Post in the Wanted section of CL. We have had ads there and have gotten a really good response. Basically our ad was this -

"*We recycle old computers, electronics and cell phones

We will take any/all of your old computers, electronics and cell phones. We recycle them and nothing ends up in the landfill. We destroy the harddrives as well. Please contact us if you have any that you would like to get rid of.*"


We will also take monitors if anyone is getting rid of them because we take them apart and I recover the insulated wires and copper. I have people that take all the scrap that I do not use, so we do not send any to the landfill. Also, make sure and let people know while you are picking it up that you will take all the power cords also. These sell as insulated copper wire. 

You will be amazed how much stuff you can collect from these people. While talking to them, we have also collected old ceiling fans, tv's, satellite boxes, vcr's and all kinds of goodies.
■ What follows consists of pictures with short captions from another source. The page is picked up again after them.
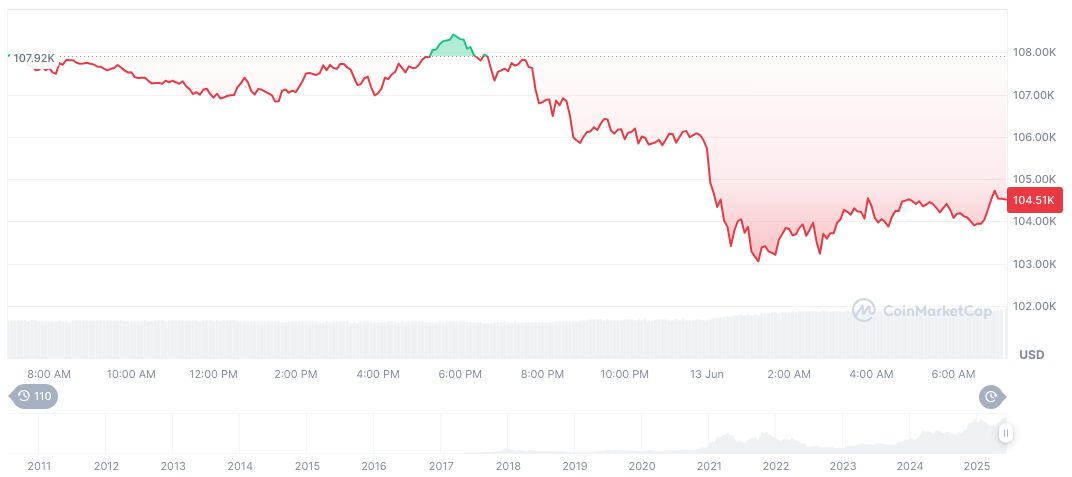 Israel Signals Potential Full-Scale Conflict Readiness with Iran 1 bitcoin-daily-chart-1531
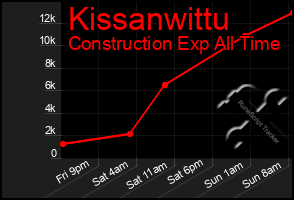 Total Graph of Kissanwittu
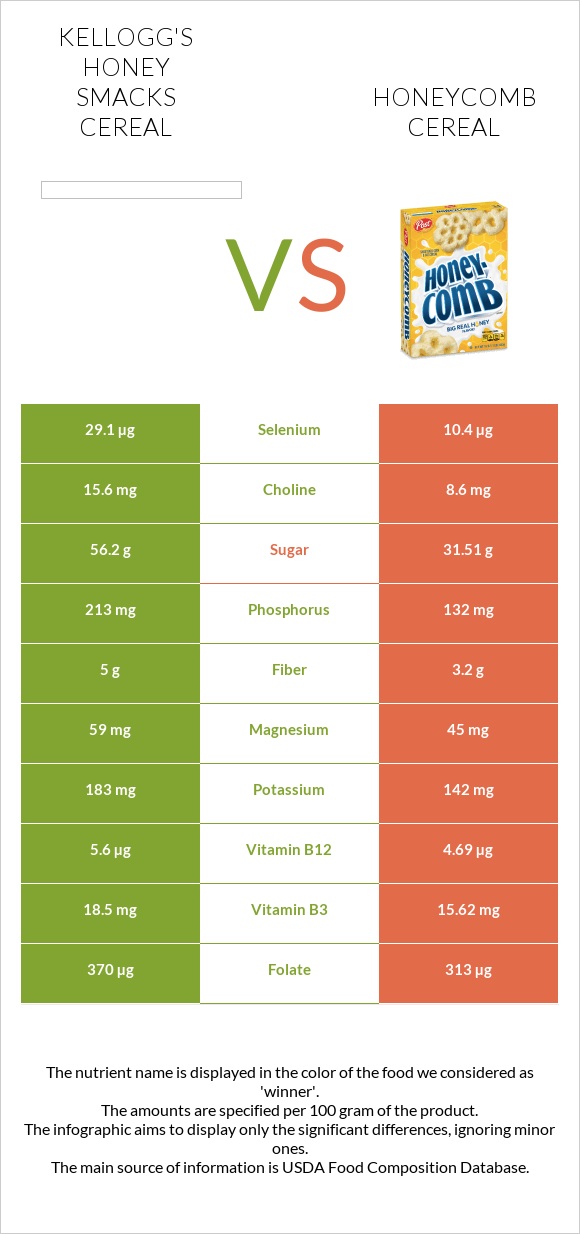 Kellogg's Honey Smacks Cereal vs Honeycomb Cereal infographic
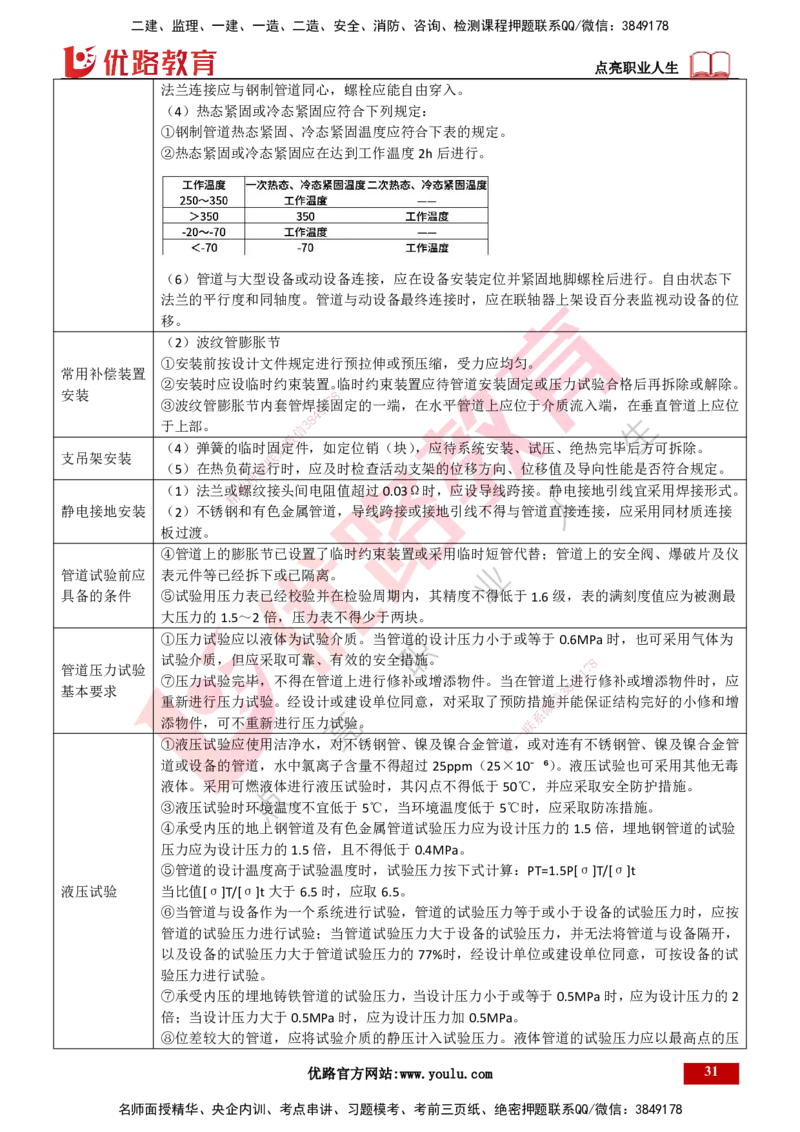 25年一建《机电实务》精讲第4章讲义打印版_2026年一级建造师_2026年一建机电_2025年一建机电SVIP_02-基础精讲✿高端面授✿深度强化_25-机电《教材精讲班》黄老师YL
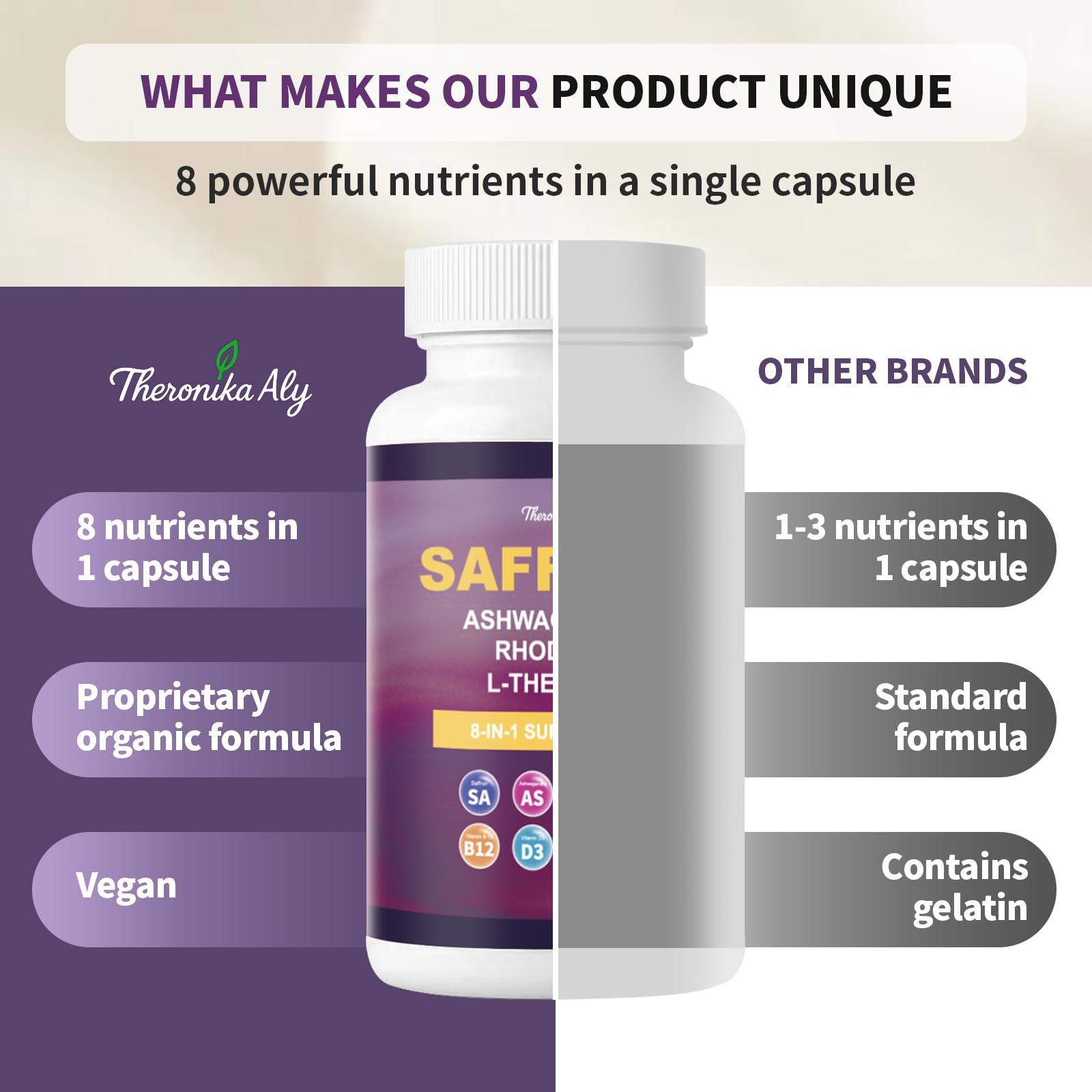 Theronika Aly Saffron Supplement capsules on a wooden surface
Good Luck and you will probably need a couple of email addresses to keep a current ad going. We haven't placed on in a month and we still get emails. I never put my phone number. We do it all by email.


----------



## pcecycle (Apr 3, 2008)

What can be done with old VCRs and satellite/cable boxes. I once had an offer for a Gaylord box full of old VCRs, boomboxes, telephones (not Cell) and electronic toys.

Mike


----------



## Rag and Bone (Apr 3, 2008)

The items you mentioned are all extremely low value. You can get some very low yield boards and wire out of most any electronic device. Telephones have some gold contacts. Rotary telephones contain some very nice gold contacts, although, if they are working and vintage they have good ebay value. Most of that stuff is akin to walking down the road picking up pennies. It makes for a nice walk but it isn't going to pay the rent.


----------



## solarsmith (Apr 3, 2008)

I listsed free computer recycling in the free area and quicly got flaged and removed I dont know why yet...I did list My phone # and area..

Thanks BRYAN


----------



## Rag and Bone (Apr 3, 2008)

I've had the same trouble lately. I suspect competitors flag it as spam or over post. On that note, this sh*t is getting too competitive. I for one would be happy with lower gold prices to keep the crowds away.


----------



## Scrapman (Apr 4, 2008)

LOL


----------



## Rag and Bone (Apr 4, 2008)

I post all over the place (where it's somewhat relevant). The ad usually runs the full duration. I have been flagged in wanted repeatedly.


----------



## starzfan0211 (Apr 4, 2008)

There are people who do flag the competition. It happens here also. The scrap metal guys are actually pretty brutal about it. So are car dealers.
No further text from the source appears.